(WORK INSTRUCTIONS): From the material below, please set down exactly the lines starting with the one with "Item preview, Angry" and going on through the one with "Aniversário Infantil Kaio", without a single picture.

═══ DATASET RECORDS

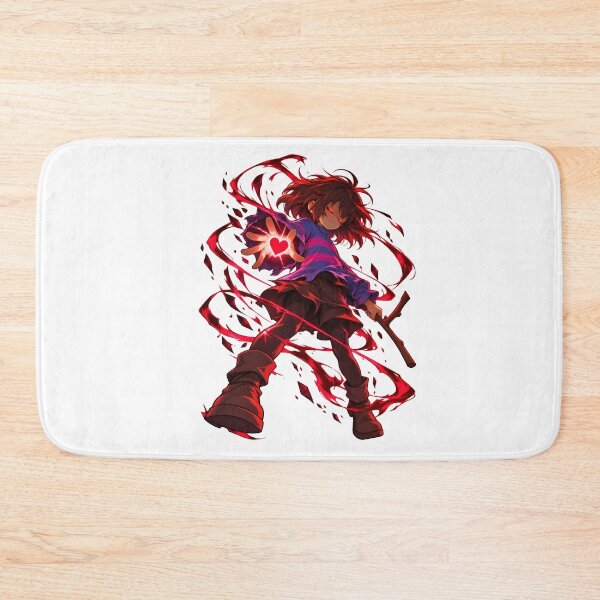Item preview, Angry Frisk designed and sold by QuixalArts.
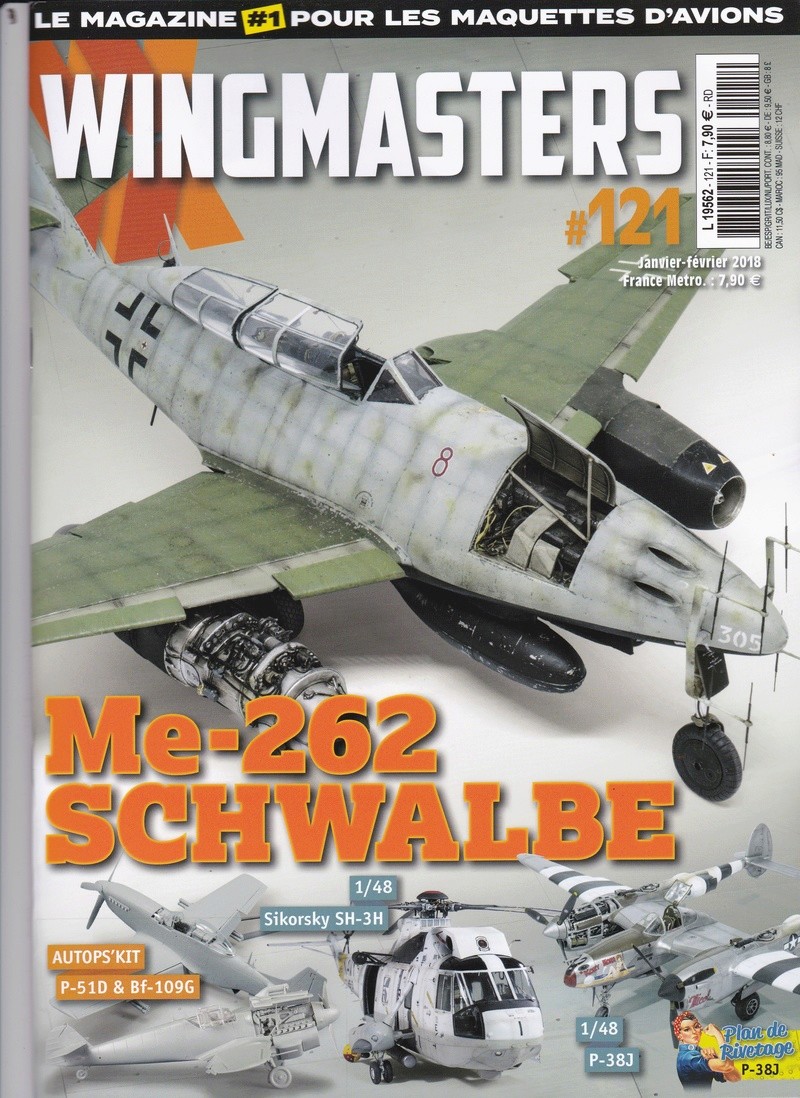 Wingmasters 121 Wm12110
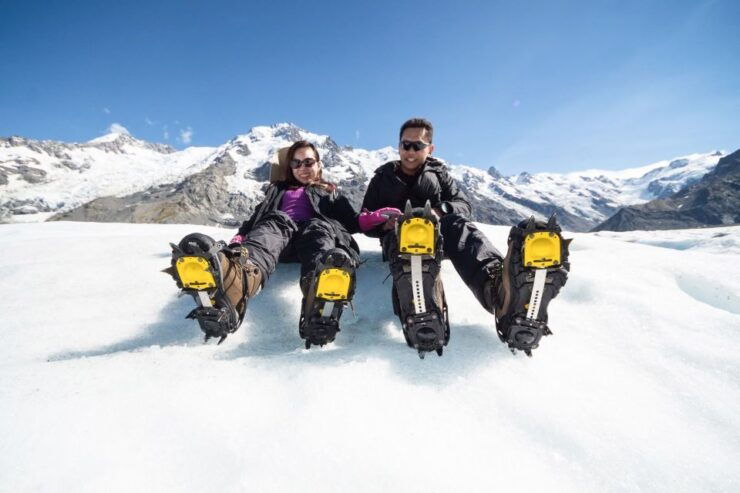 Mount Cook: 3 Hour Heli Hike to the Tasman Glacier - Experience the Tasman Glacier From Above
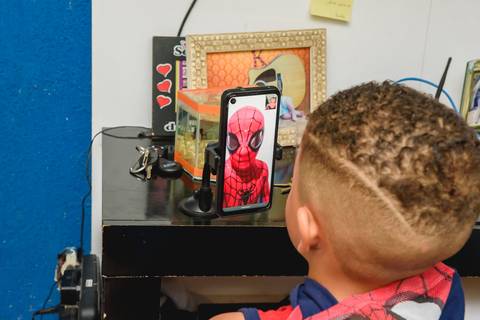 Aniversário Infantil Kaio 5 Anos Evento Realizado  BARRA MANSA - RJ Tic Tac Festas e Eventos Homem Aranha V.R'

══════
═══ DATASET RECORDS

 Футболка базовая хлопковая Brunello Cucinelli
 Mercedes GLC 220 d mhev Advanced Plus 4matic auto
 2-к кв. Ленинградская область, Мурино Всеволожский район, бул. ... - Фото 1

══════

(SOLUTION FOR THIS PROBLEM):
Item preview, Angry Frisk designed and sold by QuixalArts.
 Wingmasters 121 Wm12110
 Mount Cook: 3 Hour Heli Hike to the Tasman Glacier - Experience the Tasman Glacier From Above
 Aniversário Infantil Kaio 5 Anos Evento Realizado  BARRA MANSA - RJ Tic Tac Festas e Eventos Homem Aranha V.R'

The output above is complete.